• **Exercise details**
Output the records below verbatim, minus the pictures.

..............................

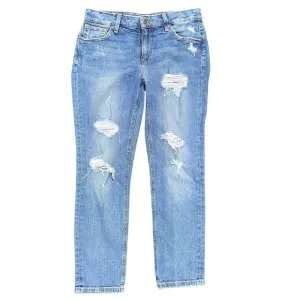 JOE'S The Billie Crop Boyfriend Tapered Women's Distressed Blue Jeans Size 25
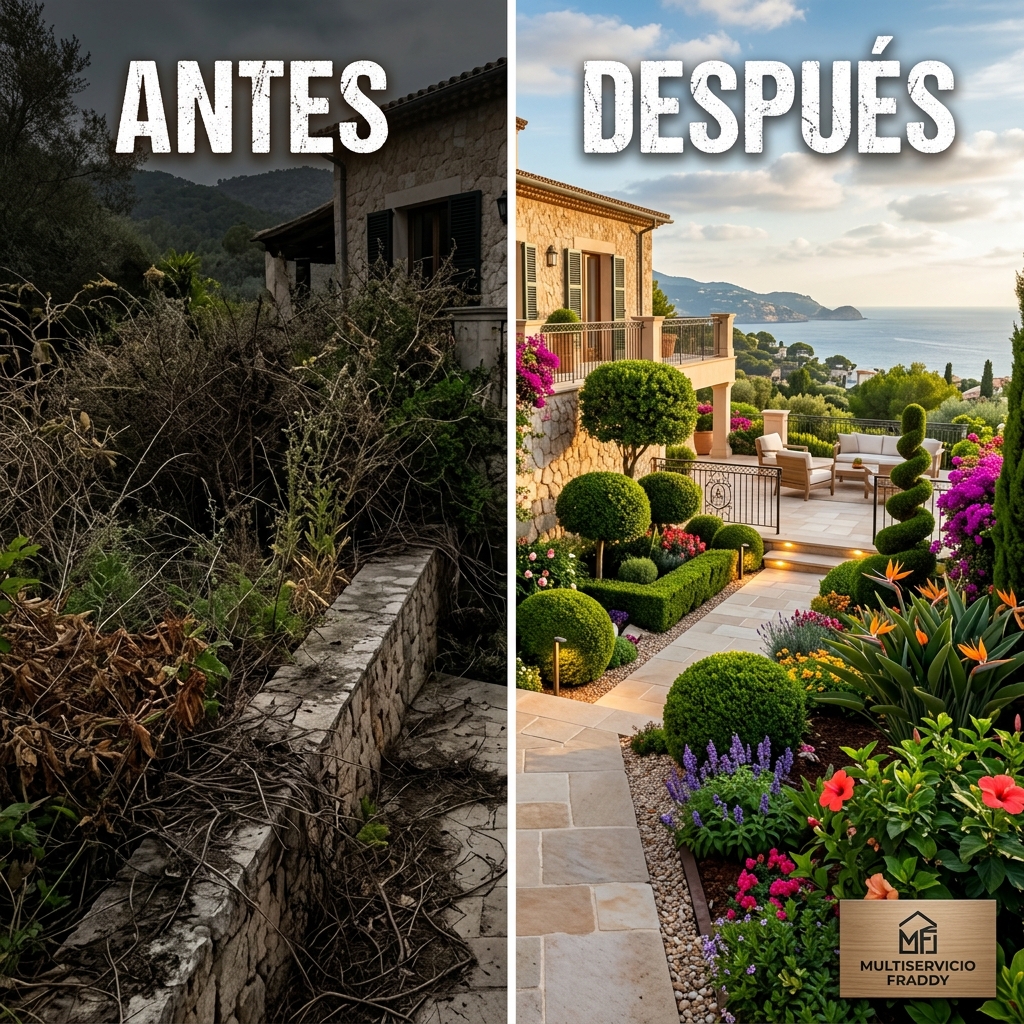 Poda artística y diseño - Antes y Después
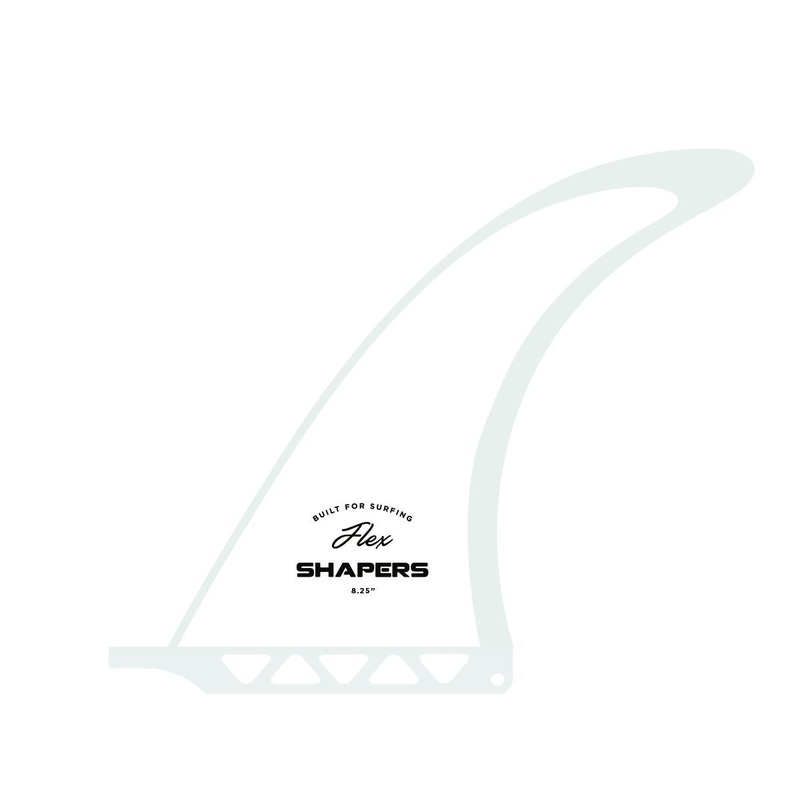 SHAPERS FLEX 8.25 WHITE LONGBOARD FIN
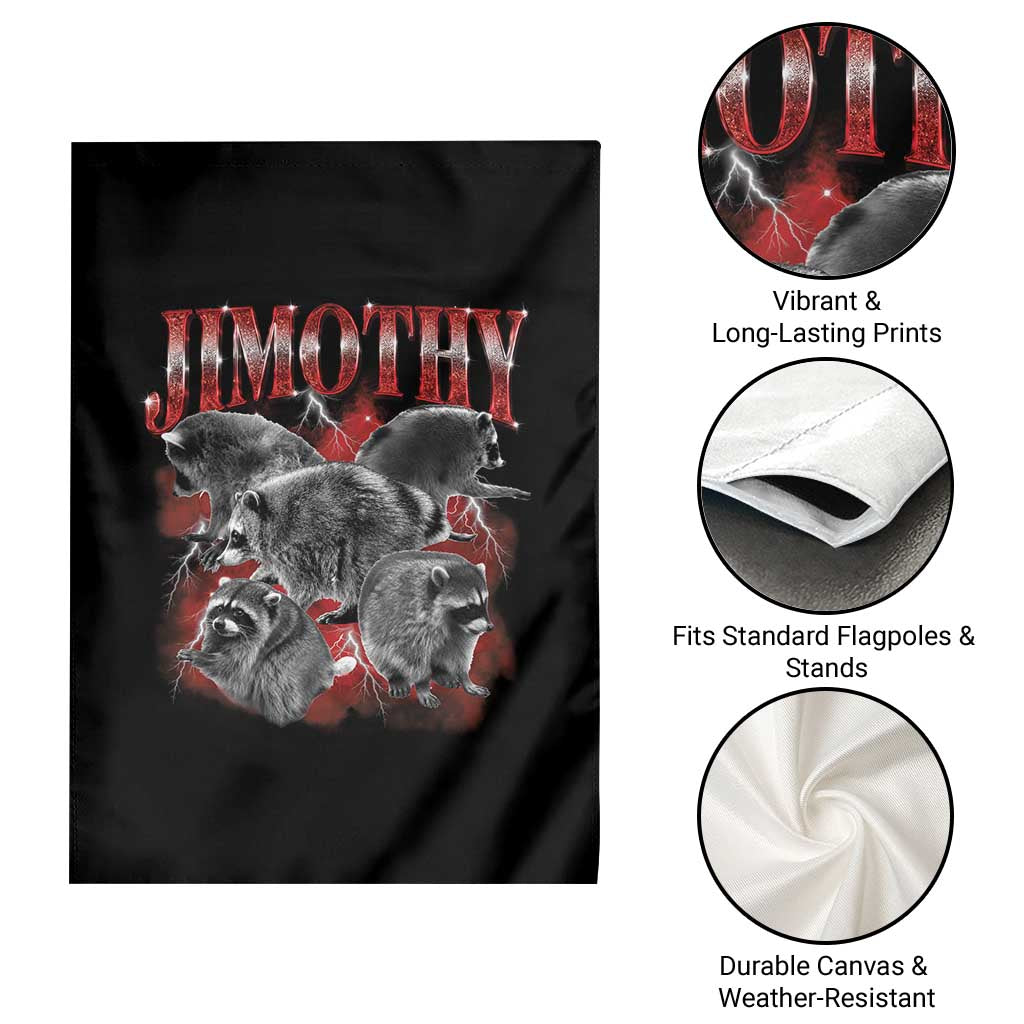 Jimothy Raccoon Garden Flag Vintage 90s Bootleg Rap Style Funny Meme TS10 Print Your Wear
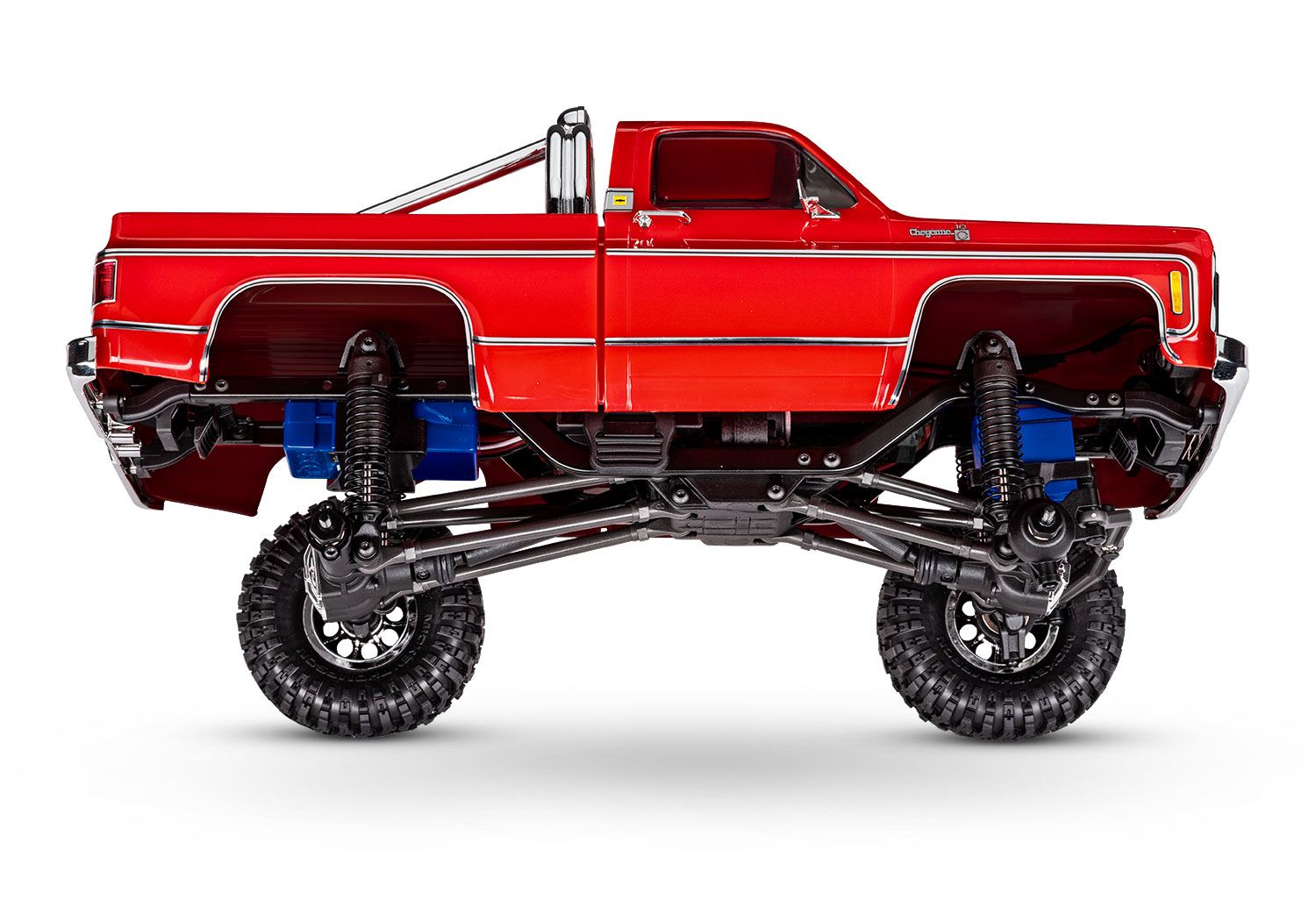 Traxxas TRX-4M High Trail 1979 Chevrolet K10 Truck 4WD Electric Scale and Trail Crawler with TQ 1/18 Black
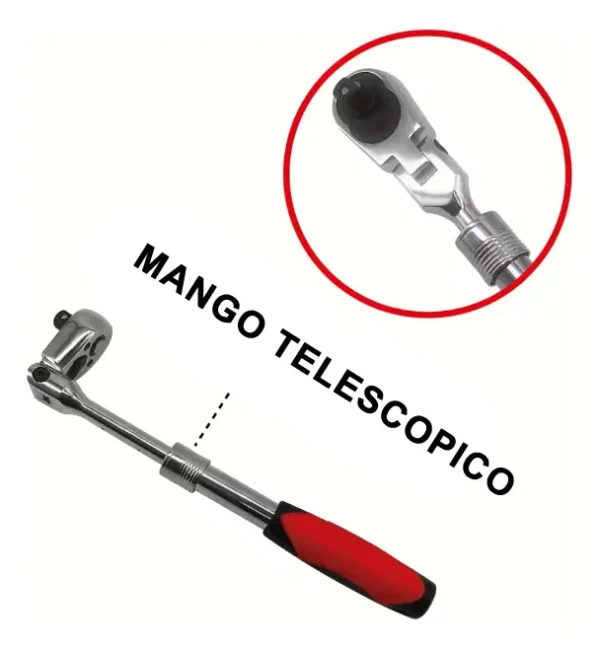 RU30015 3 LLAVE CRIQUE PENDULAR 3D 1/2"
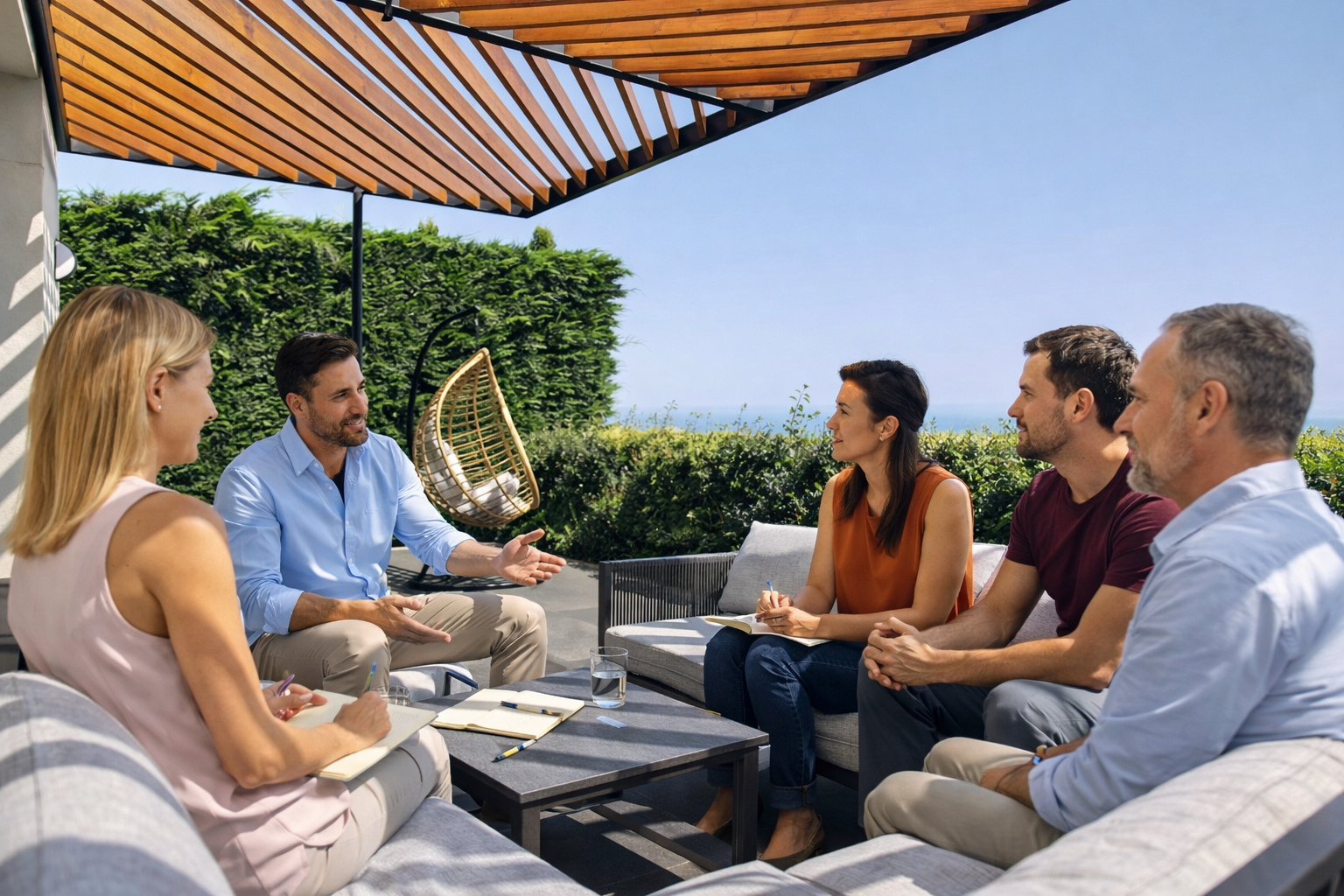 Austausch in der Gruppe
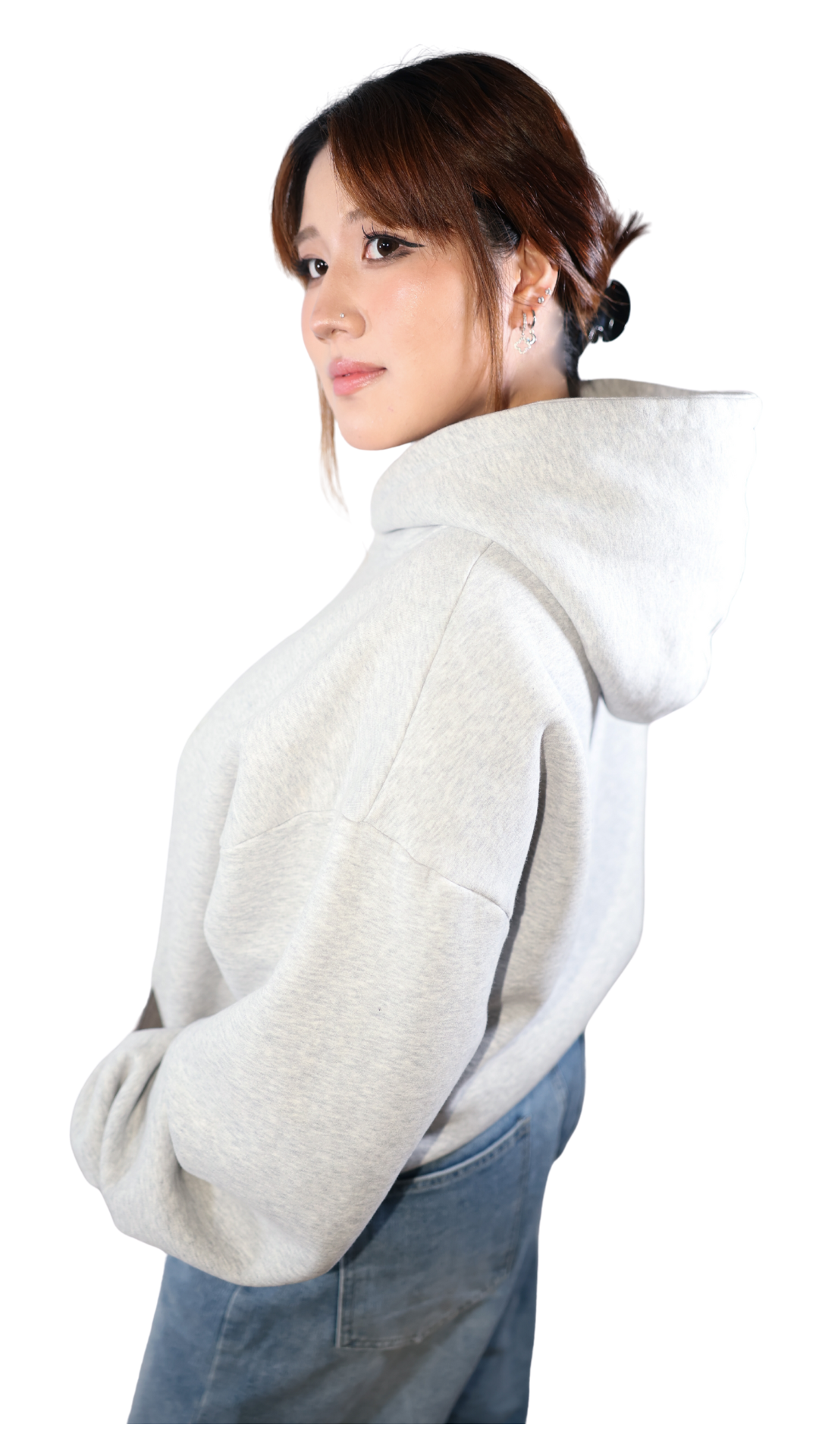 Oversized ZEN Hoodie - Grey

..............................

• **Task solution**
 JOE'S The Billie Crop Boyfriend Tapered Women's Distressed Blue Jeans Size 25
 Poda artística y diseño - Antes y Después
 SHAPERS FLEX 8.25 WHITE LONGBOARD FIN
 Jimothy Raccoon Garden Flag Vintage 90s Bootleg Rap Style Funny Meme TS10 Print Your Wear
 Traxxas TRX-4M High Trail 1979 Chevrolet K10 Truck 4WD Electric Scale and Trail Crawler with TQ 1/18 Black
 RU30015 3 LLAVE CRIQUE PENDULAR 3D 1/2"
 Austausch in der Gruppe
 Oversized ZEN Hoodie - Grey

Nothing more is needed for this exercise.